Mofletes, pelucón y una voz profunda
Quiso ser arquitecto, pero la guerra, como a tantos, le cortó los sueños. Su padre, militar republicano, perdió cuanto tenía y casi también la vida, esperando en la cárcel la ejecución de la sentencia que finalmente no se cumplió. En aquellas circunstancias, el joven Fernando se introdujo en el cine como extra. Y así, apareció vestido de cazador africano en Los cuatro robinsones, su primer trabajo, una comedia disparatada en la que, en broma, se hablaba del hambre de aquellos años duros. Hambre que sufrían el propio Fernando y su madre, realquilados en un cuarto, empeñando las pocas cosas que la guerra les había dejado. Por ello, el primer recuerdo del cine que conservó Fernando Rey durante toda su vida fue aquella tortilla francesa que en un descanso se comía, insolidario, el gran actor Antonio Vico.Al parecer, era fácil entonces hacer carrera en el cine. La guerra y el exilio habían diezmado la nómina de actores y quien tuviera una figura aparente y mucha disposición podía encontrar un hueco entre las cámaras. Nada mejor tenía para hacer y, sin vocación, casi sin ganas, fue aceptando pequeños papeles en aquellas películas triunfalistas de los años cuarenta, en las que la realidad se camuflaba casi por decreto. Y él también podía así camuflar su frustración de estudiante, de perdedor en la guerra, de hijo de familia rica venida a menos, de liberal con ideas impropias del imperio que Franco nos quería construir. ¡Qué poco sabía entonces que acabaría convirtiéndose en una de las grandes figuras del cine español cuando, vestido de escocés, bailaba ridículamente en Eugenia de Montijo!
Un hombre poco ambicioso
Eran los años de los pelucones, de los trajes de época imposibles, de las frases rimbombantes. Su cara, adornada con dos mofletes que le avergonzaban, era compensada con una voz única, personal, grave, profunda, delicada. Esa voz fue su arma: en Fuenteovejuna, en La pródiga, en Reina Santa, en La princesa de los Ursinos y en, por supuesto, Locura de amor, el gran éxito del cine español de los cuarenta, que permitió a sus actores, especialmente Jorge Mistral y Sara Montiel, abrirse una nueva carrera en México. También él lo intentó, pero optó por regresar a España y seguir interviniendo en esas películas "históricas".

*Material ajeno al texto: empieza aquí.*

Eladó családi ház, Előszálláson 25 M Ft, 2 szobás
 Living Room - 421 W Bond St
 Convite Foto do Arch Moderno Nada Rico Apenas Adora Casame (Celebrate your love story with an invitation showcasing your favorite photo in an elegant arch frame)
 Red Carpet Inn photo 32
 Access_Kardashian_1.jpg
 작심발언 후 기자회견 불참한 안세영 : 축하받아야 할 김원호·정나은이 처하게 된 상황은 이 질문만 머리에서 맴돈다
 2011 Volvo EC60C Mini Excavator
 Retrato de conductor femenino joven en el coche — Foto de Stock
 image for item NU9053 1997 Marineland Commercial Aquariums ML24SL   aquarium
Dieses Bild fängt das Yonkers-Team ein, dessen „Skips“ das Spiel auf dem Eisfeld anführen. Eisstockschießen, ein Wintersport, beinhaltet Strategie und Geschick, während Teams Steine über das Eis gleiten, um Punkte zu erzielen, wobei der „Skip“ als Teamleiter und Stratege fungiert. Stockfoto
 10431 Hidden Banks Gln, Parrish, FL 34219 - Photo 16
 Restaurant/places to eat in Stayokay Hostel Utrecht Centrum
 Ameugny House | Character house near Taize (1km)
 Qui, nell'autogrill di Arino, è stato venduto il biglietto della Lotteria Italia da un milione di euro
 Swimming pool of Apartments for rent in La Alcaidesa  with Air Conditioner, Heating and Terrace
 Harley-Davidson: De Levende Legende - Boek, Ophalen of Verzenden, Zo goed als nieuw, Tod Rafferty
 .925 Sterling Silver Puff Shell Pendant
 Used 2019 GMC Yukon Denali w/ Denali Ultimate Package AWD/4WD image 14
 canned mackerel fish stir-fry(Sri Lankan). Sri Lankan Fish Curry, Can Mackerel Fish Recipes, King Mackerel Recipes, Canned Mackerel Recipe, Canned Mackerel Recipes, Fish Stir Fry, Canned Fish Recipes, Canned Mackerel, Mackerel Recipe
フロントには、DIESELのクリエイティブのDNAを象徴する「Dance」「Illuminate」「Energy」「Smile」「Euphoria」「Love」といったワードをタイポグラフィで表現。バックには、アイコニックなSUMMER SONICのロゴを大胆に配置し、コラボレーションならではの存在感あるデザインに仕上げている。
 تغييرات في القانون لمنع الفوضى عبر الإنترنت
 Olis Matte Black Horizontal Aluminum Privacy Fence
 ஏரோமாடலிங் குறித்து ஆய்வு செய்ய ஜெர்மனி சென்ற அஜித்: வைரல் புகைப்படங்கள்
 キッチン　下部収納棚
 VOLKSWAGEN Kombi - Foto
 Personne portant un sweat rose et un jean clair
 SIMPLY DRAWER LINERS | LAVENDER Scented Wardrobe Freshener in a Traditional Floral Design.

No era un hombre de grandes ambiciones. Incluso años después, habiendo alcanzado el mayor éxito que era probable para un actor español, vivía como si todo le estuviera ocurriendo a otra persona, como si sólo fuera mérito del azar.
Pero no lo era tanto. Cierto que su trabajo en aquellas grandilocuentes películas de la posguerra no puede considerarse modélico. Pero él aportaba una sinceridad que superó siempre sus deficiencias como actor. Con el tiempo, sí se hizo más firme, más seguro, pero en aquellos primeros años, en los que tampoco el cine español era exigente, Fernando Rey se limitaba a cumplir y aprender silenciosamente el buen oficio de los cómicos. A los que quería.
Fue solidario con sus compañeros cuando en los años cincuenta se puso de moda la contratación de actores extranjeros. Lideró la lucha contra el doblaje y ello le valió represalias y el paro. Y volvió a sentir la injusticia en su propia piel, sin comprender por qué le ocurría eso, puesto que él, dócilmente, no había puesto reparos ni en intervenir en películas que pudieran contradecir sus ideas -en La señora de Fátima, por ejemplo, donde encarnaba a un pérfido comunista dispuesto a hacer perder la fe religiosa de todo un pueblo- Si no tenía vocación de actor sí respeto a la profesionalidad y a la solidaridad con los suyos.
Ello le llevó a compartir el tren clandestino de los comunistas y, entre otras actividades, a vincularse a Uninci, la productora que diera luz verde a Bardem, a Berlanga y años después a Buñuel. En ella, Reyaportó su voz a Bienvenido mister Marshall, la película que rompió los moldes del cine español.
Fue también con Uninci con la que firmó Sonatas interpretando al capitán Casares. La película circuló por México, y por un nuevo giro del azar, le vio Buñuel, que dicen que quedó fascinado al comprobar lo bien que Fernando Rey hacía de muerto. Una broma que cambió su vida de trabajo, llevándole a un reconocimiento internacional.